Q2 - Singer and McMann are partners in a business. Singer's original capital was $40,000 and McMann's was $60,000. They agree to salaries of $12,000 and $18,000 for Singer and McMann, respectively, and 10% interest on original capital. If they agree to share the remaining profits and losses in a 3:2 ratio, what will Singer's share of the income (loss) be if the net loss for the year is $10,000?

a. ($6,000)

b. ($12,600)

c. ($10,000)

d. ($14,000)

Q3 - Rex and Kelsey are partners who share income in the ratio of 3:2. Their capital balances are $95,000 and $140,000, respectively, on January 1. The partnership generated net income of $40,000 for the year. What is Rex's capital balance after closing the revenue and expense accounts to the capital accounts?

a. $71,000

b. $111,000

c. $119,000

d. $146,000

Q4 - Soledad and Winston are partners who share income in the ratio of 1:3 and have capital balances of $46,900 and $79,200, respectively, at the time they decide to terminate the partnership. After all noncash assets are sold and all liabilities are paid, there is a cash balance of $65,800. What amount of loss on realization should be allocated to Soledad?

a. $18,090

b. $60,300

c. $7,538

d. $15,075

Q5 - Sandra and Kelsey are forming a partnership. Sandra will invest a piece of equipment with a book value of $6,600 and a fair market value of $15,400. Kelsey will invest a building with a book value of $34,400 and a fair market value of $76,900.

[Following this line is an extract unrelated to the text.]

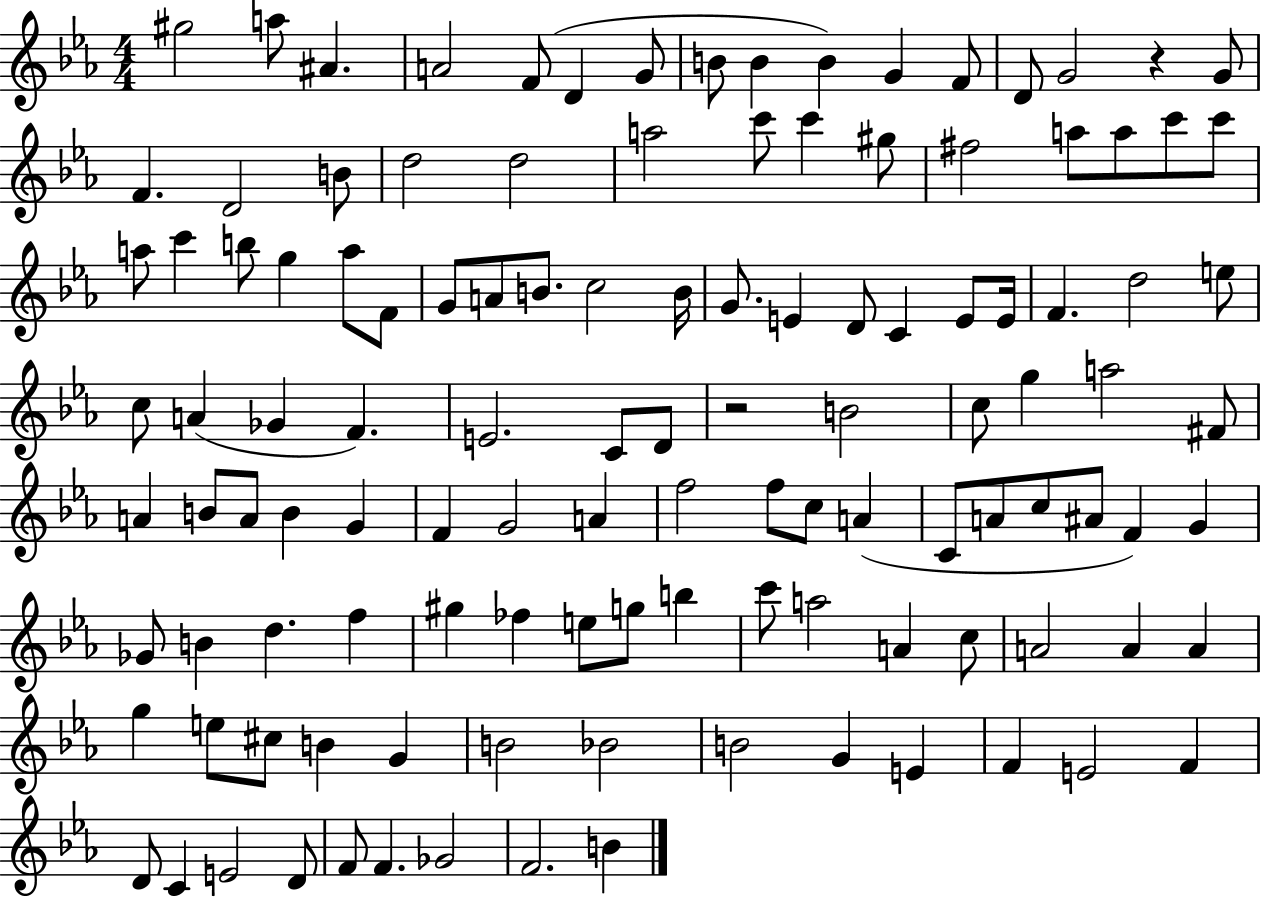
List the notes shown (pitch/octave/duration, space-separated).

G#5/h A5/e A#4/q. A4/h F4/e D4/q G4/e B4/e B4/q B4/q G4/q F4/e D4/e G4/h R/q G4/e F4/q. D4/h B4/e D5/h D5/h A5/h C6/e C6/q G#5/e F#5/h A5/e A5/e C6/e C6/e A5/e C6/q B5/e G5/q A5/e F4/e G4/e A4/e B4/e. C5/h B4/s G4/e. E4/q D4/e C4/q E4/e E4/s F4/q. D5/h E5/e C5/e A4/q Gb4/q F4/q. E4/h. C4/e D4/e R/h B4/h C5/e G5/q A5/h F#4/e A4/q B4/e A4/e B4/q G4/q F4/q G4/h A4/q F5/h F5/e C5/e A4/q C4/e A4/e C5/e A#4/e F4/q G4/q Gb4/e B4/q D5/q. F5/q G#5/q FES5/q E5/e G5/e B5/q C6/e A5/h A4/q C5/e A4/h A4/q A4/q G5/q E5/e C#5/e B4/q G4/q B4/h Bb4/h B4/h G4/q E4/q F4/q E4/h F4/q D4/e C4/q E4/h D4/e F4/e F4/q. Gb4/h F4/h. B4/q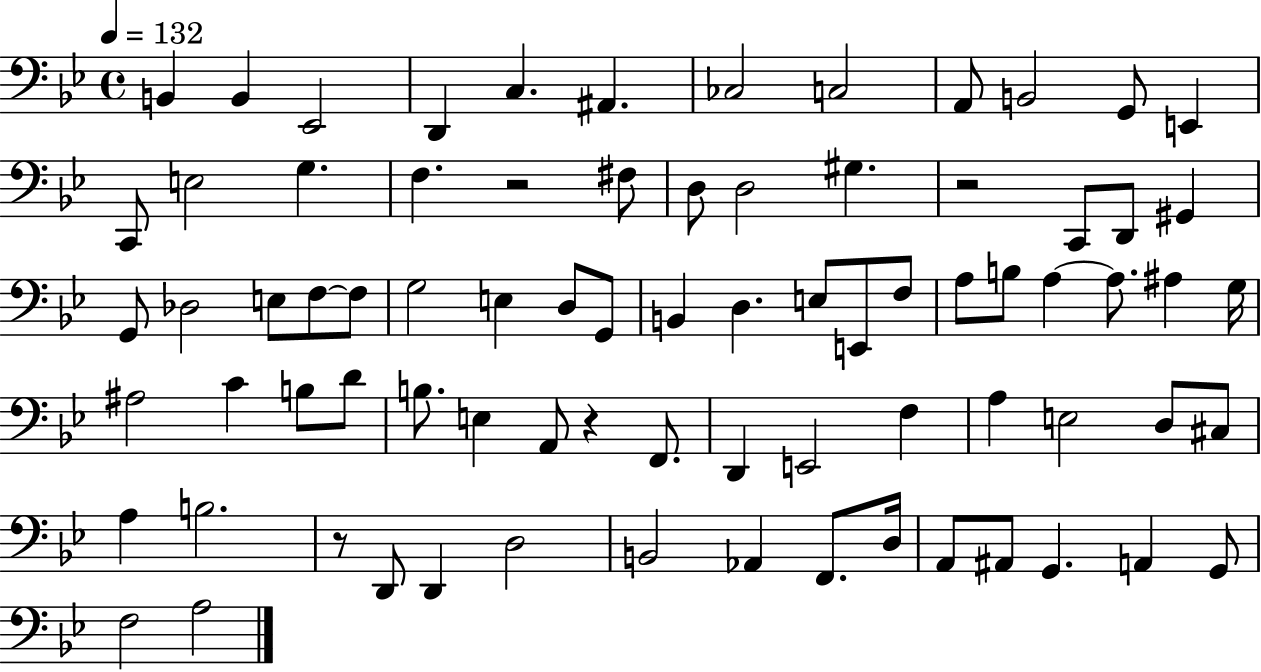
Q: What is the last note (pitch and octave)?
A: A3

What amount will be recorded to Sandra's capital account?

a. $6,600

b. $15,400

c. $76,900

d. $34,400

Q6 - Jesse and Tim form a partnership by combining the assets of their separate businesses. Jesse contributes accounts receivable with a face amount of $47,000 and equipment with a cost of $178,000 and accumulated depreciation of $96,000. The partners agree that the equipment is to be valued at $67,500, that $4,000 of the accounts receivable are completely worthless and are not to be accepted by the partnership, and that $1,900 is a reasonable allowance for the uncollectibility of the remaining accounts receivable. Tim contributes cash of $21,000 and merchandise inventory of $44,500. The partners agree that the merchandise inventory is to be valued at $48,000.

Journalize the entries to record in the partnership accounts (a) Jesse's investment and (b) Tim's investment.